Tu pars et tu ne sais jamais si tu vas réussir ou pas. Les vents changent et tu ne sais jamais comment l’expédition va finir.

— Éric McNair-Landry, aventurier

Une voile fend le silence blanc, portée par le vent au cœur de l’immensité gelée.

Courtoisie

« J’aime partir pour être en nature, loin de la ville, me reconnecter », explique Clémentine. Elle a commencé le ski cerf-volant l’an dernier et tenait à profiter de cette longue journée sur la glace pour observer les changements de neige, de vent, et traverser ses premiers ondins glaciels. « Le but de ce voyage, c’était surtout d’apprendre, parce que j’ai très peu d’expérience, alors que là, j’ai un des meilleurs kiteskiers au monde avec moi. »

Éric McNair-Landry pratique le ski aérotracté depuis vingt-cinq ans. Il a grandi à Iqaluit, où il a commencé à organiser des expéditions, d’abord en ski ou en traineau à chiens, avant de se spécialiser dans les longues traversées à l’aide d’un cerf-volant de traction. Installé à Yellowknife depuis dix ans, il a parcouru plus de 20 000 kilomètres sur des terrains glacés, du Groenland à l’Antarctique, en passant par le Nunavut. Il est issu d’une famille d’explorateurs, où l’aventure se transmet de génération en génération.

Ce qu’il apprécie dans le ski cerf-volant, c’est l’imprévisibilité : « Tu pars et tu ne sais jamais si tu vas réussir ou pas. Les vents changent et tu ne sais jamais comment l’expédition va finir », il explique. Ce jour-là, après un bon début de progression, les vents avaient soudainement chuté. Éric estimait qu’ils se trouvaient à environ 25 kilomètres de la ville – une distance trop importante pour envisager un retour à pied sans difficulté. La situation devenait incertaine, et ils se demandaient s’il valait mieux continuer en espérant que le vent revienne, ou tenter de revenir avec ce qu’il en restait.

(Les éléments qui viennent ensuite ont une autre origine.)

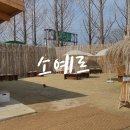 소예르Soller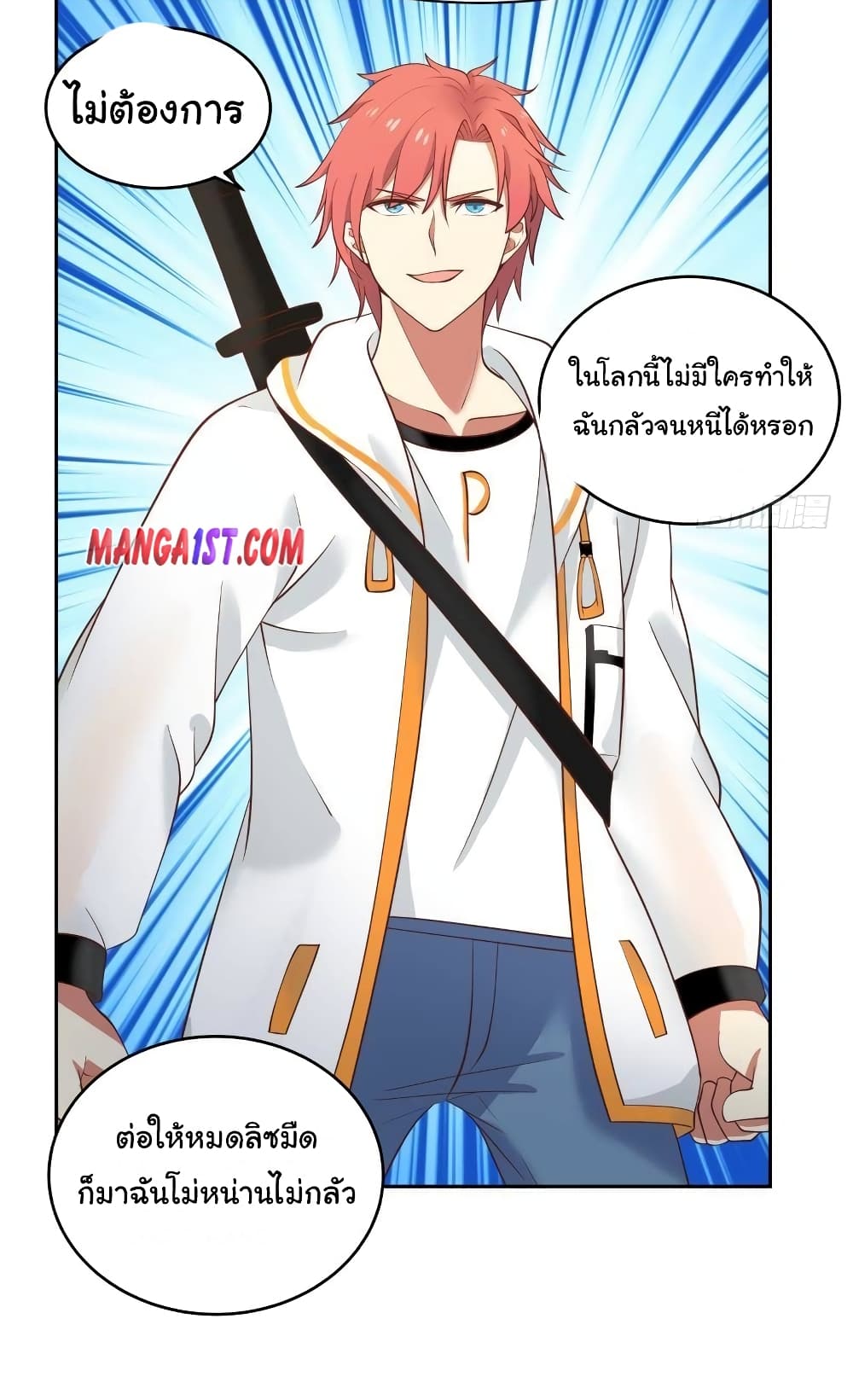 อ่านการ์ตูน I Have a Dragon on My Body 332 ภาพที่ 7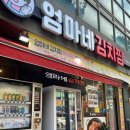 엄마네 김치찜 매탄점 이미지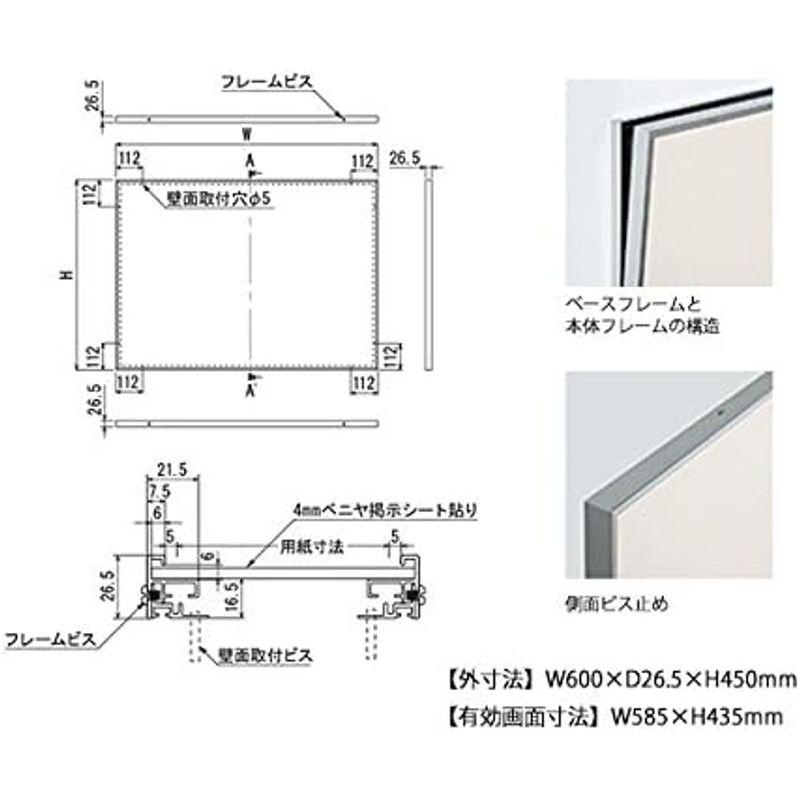 629 掲示ボード 600×450 ホワイトボード仕様 屋内 直付け ヨコ タテ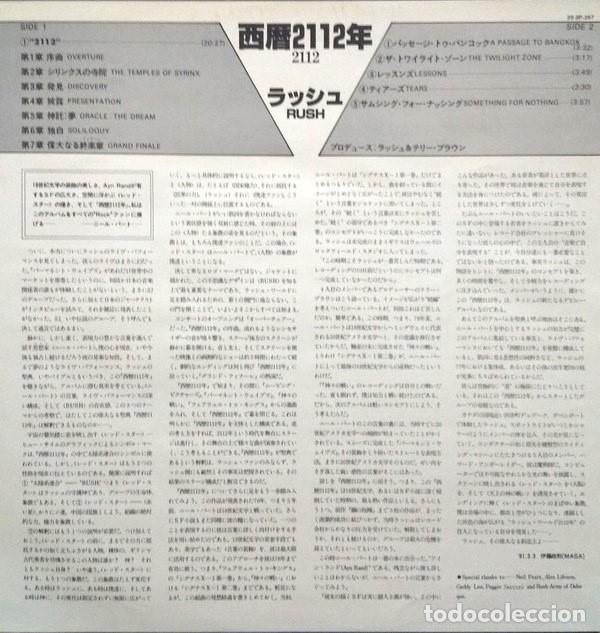 Discos de vinilo: Rush &ndash; 2112 / A Creative Manifesto - Foto 3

Il décrit un sport tactique, où les décisions s’adaptent au moindre changement. « On a besoin des stratégies pour s’assurer qu’on peut continuer. Par exemple, quand les vents tombent, il faut aller au milieu de la baie où il y a peut-être plus de vent, ou sur le bord sous le vent où le vent se compresse. »

Selon lui, le Grand lac des Esclaves constitue un terrain idéal pour le ski aérotracté : vaste, gelé pendant la majeure partie de l’année et facilement accessible. Il estime que c’est une excellente destination pour s’entrainer ou réaliser de courtes expéditions, en raison de la qualité fréquente de la neige, du relief peu accidenté et des vents généralement prévisibles.

Vue du ciel, l’immensité glacée du Grand lac des Esclaves s’étire à perte de vue, théâtre silencieux de l’effort et du vent.

Courtoisie

Mais peu de gens s’y lancent. « Ici, il y en a pas beaucoup en fait. C’est un sport qui est encore un peu expandu. » Le cout de l’équipement est un obstacle. « [Une voile] usagée pour commencer, ça peut couter 500 ou 1 000 dollars. Et si tu veux vraiment en faire, tu as besoin de kites de différentes grandeurs. » Pendant leur traversée, ils en ont utilisé quatre, dont une de 18 mètres. Eric explique : « C’est un peu comme un voilier. Quand il n’y a pas beaucoup de vent, tu mets une voile plus grosse. Tu as besoin de voiles pour des tempêtes et des journées sans vent. »

Clémentine, de son côté, décrit un itinéraire de 180 kilomètres, contre 212 pour Éric. « Si tu y vas directement, ça peut être entre 100 et 120 kilomètres. Mais parce qu’en kite-ski, comme si tu étais en voilier, souvent tu fais des virages en slalom. Tu dois remonter les kilomètres. »

Malgré le froid et la fatigue, l’expérience laisse visiblement des traces. Pour elle, comme pour lui, il y a dans cette pratique un mélange de liberté, d’effort et de jeu.